ASSIGNMENT:
The entries below contain a line with "Private Space at Liriek" and a line with "Canada Goose Loon". Quote exactly those two lines and all lines between them.
--- START ---
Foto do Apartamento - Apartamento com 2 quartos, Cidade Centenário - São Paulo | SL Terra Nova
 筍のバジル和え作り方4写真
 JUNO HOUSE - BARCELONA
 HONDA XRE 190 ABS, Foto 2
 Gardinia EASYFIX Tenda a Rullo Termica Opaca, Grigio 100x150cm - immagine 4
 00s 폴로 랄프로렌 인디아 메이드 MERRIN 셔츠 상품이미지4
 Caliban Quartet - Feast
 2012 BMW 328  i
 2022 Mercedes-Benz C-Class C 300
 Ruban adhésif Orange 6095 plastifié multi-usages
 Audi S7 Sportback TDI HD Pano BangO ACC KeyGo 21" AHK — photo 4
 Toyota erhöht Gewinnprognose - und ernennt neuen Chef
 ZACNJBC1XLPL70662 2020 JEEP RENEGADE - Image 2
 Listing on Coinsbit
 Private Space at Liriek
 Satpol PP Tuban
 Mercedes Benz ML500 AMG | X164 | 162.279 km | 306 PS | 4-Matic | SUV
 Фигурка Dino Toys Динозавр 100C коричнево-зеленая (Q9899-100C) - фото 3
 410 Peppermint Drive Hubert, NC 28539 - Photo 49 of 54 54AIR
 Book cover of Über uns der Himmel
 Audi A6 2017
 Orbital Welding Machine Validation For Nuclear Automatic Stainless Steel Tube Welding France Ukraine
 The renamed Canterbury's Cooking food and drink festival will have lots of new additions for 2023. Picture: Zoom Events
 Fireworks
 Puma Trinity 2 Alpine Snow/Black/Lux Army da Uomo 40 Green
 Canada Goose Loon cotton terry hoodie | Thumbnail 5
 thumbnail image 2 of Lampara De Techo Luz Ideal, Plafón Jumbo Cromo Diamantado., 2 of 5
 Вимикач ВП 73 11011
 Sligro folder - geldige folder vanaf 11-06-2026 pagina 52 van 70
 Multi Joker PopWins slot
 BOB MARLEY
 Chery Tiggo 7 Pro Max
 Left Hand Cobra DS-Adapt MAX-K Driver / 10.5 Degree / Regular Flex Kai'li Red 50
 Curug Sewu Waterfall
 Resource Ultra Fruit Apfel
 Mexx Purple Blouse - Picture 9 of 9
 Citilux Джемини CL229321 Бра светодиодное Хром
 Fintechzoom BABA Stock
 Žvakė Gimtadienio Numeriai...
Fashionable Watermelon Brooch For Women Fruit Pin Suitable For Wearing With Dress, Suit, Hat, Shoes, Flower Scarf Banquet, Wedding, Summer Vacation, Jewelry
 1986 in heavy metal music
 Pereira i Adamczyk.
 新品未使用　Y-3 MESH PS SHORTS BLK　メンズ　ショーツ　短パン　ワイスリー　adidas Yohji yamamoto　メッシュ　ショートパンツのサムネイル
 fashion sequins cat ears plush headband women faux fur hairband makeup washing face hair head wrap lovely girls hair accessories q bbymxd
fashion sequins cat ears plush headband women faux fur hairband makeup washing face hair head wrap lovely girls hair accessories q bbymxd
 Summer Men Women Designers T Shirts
--- END ---
EXERCISE RESULT:
 Private Space at Liriek
 Satpol PP Tuban
 Mercedes Benz ML500 AMG | X164 | 162.279 km | 306 PS | 4-Matic | SUV
 Фигурка Dino Toys Динозавр 100C коричнево-зеленая (Q9899-100C) - фото 3
 410 Peppermint Drive Hubert, NC 28539 - Photo 49 of 54 54AIR
 Book cover of Über uns der Himmel
 Audi A6 2017
 Orbital Welding Machine Validation For Nuclear Automatic Stainless Steel Tube Welding France Ukraine
 The renamed Canterbury's Cooking food and drink festival will have lots of new additions for 2023. Picture: Zoom Events
 Fireworks
 Puma Trinity 2 Alpine Snow/Black/Lux Army da Uomo 40 Green
 Canada Goose Loon cotton terry hoodie | Thumbnail 5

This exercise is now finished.